Cuban homosexuals must find it ironic that the heart of the homosexual world is Castro Street in San Francisco. It is assuredly not named in El Jefe’s honor, as gays—called maricones (queens), mariposas (butterflies), pájaros (birds), patos (ducks), or gansos (geese) in the Cuban vernacular (and tortillas for lesbians)—were persecuted following the Revolution. Castro (who denies the comment) supposedly told journalist Lee Lockwood that a homosexual could never “embody the conditions and requirements of a true revolutionary.” Homosexuals were classified as “undesirable.”
Thus gays and lesbians met with “homophobic repression and rejection” in Cuba, just as they did in the United States. In Cuba, however, it was more systematic and brutal. The pogrom began in earnest in 1965; homosexuals were arrested and sent to agricultural work and reeducation camps—UMAP (Units for Military Help to Agricultural Production). Echoing Auschwitz, over the gate of one such camp in Camagüey was the admonition: “Work Makes You Men.” Many brilliant intellectuals lost their jobs because they were gay or accused of being gay through anonymous denunciation. Hhomosexuals were not allowed to teach, become doctors, or occupy positions from which they could “pervert” Cuban youth.
Although UMAP camps closed in 1968 and those who had lost their jobs were reinstated and given back pay, periodic purges occurred throughout the 1970s and early ’80s. Understandably, many homosexuals left—or were forced to leave—on the Mariel boatlift. However, by the mid-1980s, Cuba began to respond to the gay rights movement that had already gained momentum worldwide. Officially the new position is that homosexuality and bisexuality are no less natural or healthy than heterosexuality. In 1987, a directive was issued to police to stop harassment. And an official atonement was made through the release at the 1993 Havana Film Festival of Vidas Paralelas (Parallel Lives) and La Bella de Alhambra (The Beauty at the Alhambra), and the hit movie Fresa y chocolate (Strawberry and Chocolate).

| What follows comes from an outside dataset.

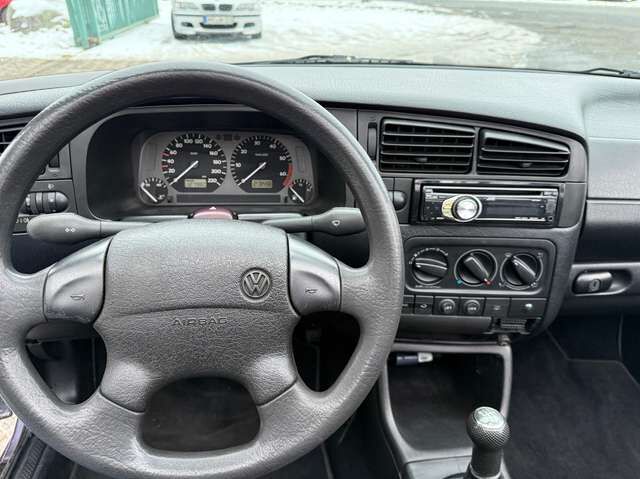 VW Golf Cabriolet III Cabrio 1.8 *nur 128 TKM*HU 1/2028*H-Zul.*Leder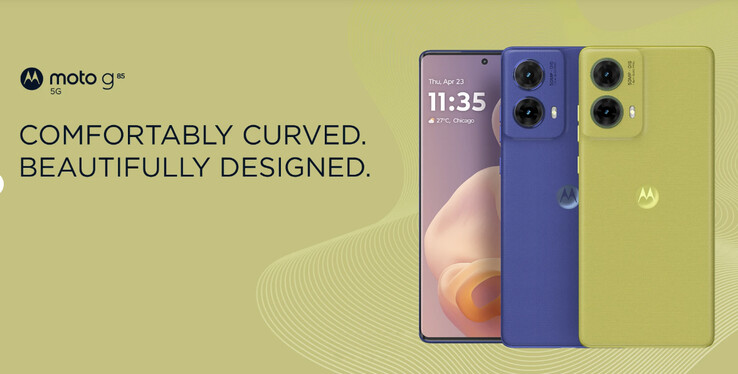 (Image source: Motorola)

Although discrimination continues, sexologist Mariela Castro Espín (Raúl’s daughter and head of the National Sex Education Center) leads the effort to treat the LGBT community as equals.
Gay Cuba (1995), by Sonja de Vries, and Dos Patrias, Cuba y la Noche (2007), by Christian Liffers are documentary films that look candidly at the treatment of gays in Cuba since the Revolution.